The actions Tuesday underscored a congressional report, released last month by a House subcommittee, that described the growing problem of drug diverters and charged that the federal government had “lost control” of prescription drug sales. In turn, the report was prompted by last year’s discovery that millions of counterfeit, subpotent birth control pills had been distributed in at least a dozen states.

“Our investigation indicates that drug diversion practices are quite widespread,” Thompson said, adding that 40 additional subjects are still under investigation and more indictments are expected.

The department said that the indictments are the result of a two-year FBI undercover operation code-named Pharmoney.
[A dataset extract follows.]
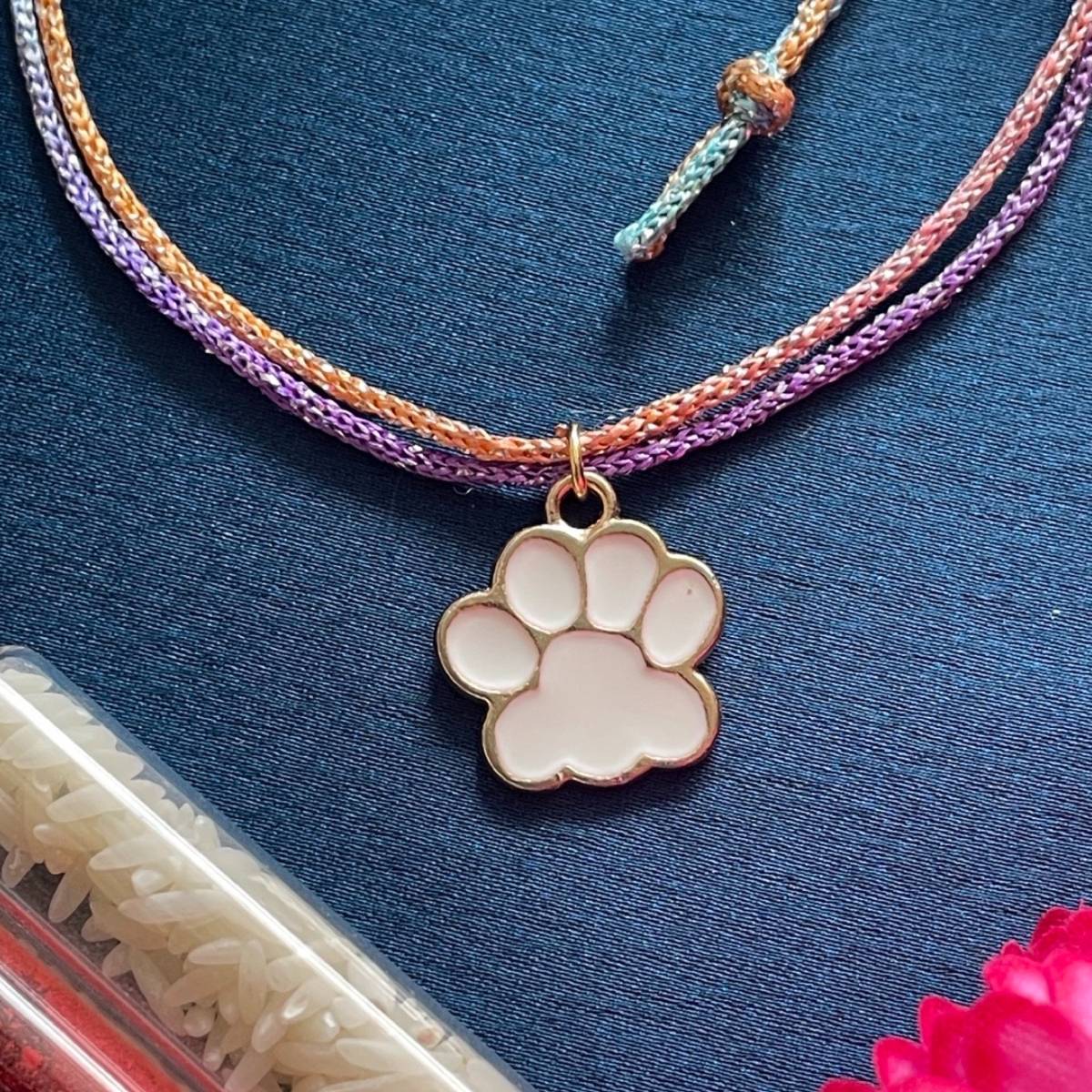 Digital Dress Room Gold Plated White Animal Paw Charm Rakhi For Raksha Bandhan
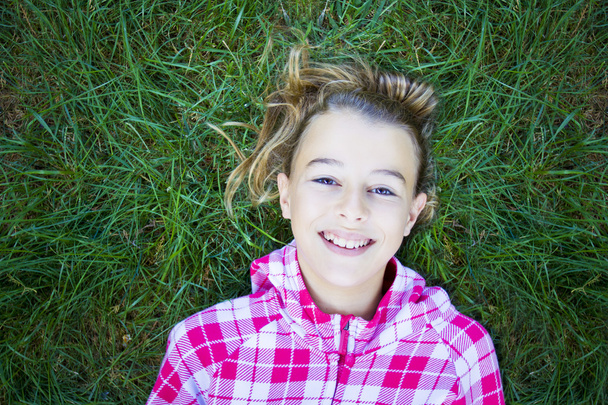 Girl lying on grass looking at camera - Photo, Image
Undercover FBI agents in Atlanta posed as operators of Pharmacy Services Co., a phony hospital pharmacy management firm, and “dealt with individuals in all parts of the United States who performed varied functions in this ‘diversion’ process.”

Drugs, Weapons Seized

State and federal agents seized more than $620,000 worth of adulterated, misbranded and sample pharmaceuticals in six states, including California, as well as ammunition and weapons worth an estimated $70,000 in a house in Macon, Ga., Thompson said.

Other drugs were manufactured in Mexico and imported without U.S. inspection or controls, the Justice Department said.

“If these drugs had reached the general public, they would have posed a health threat,” Thompson said.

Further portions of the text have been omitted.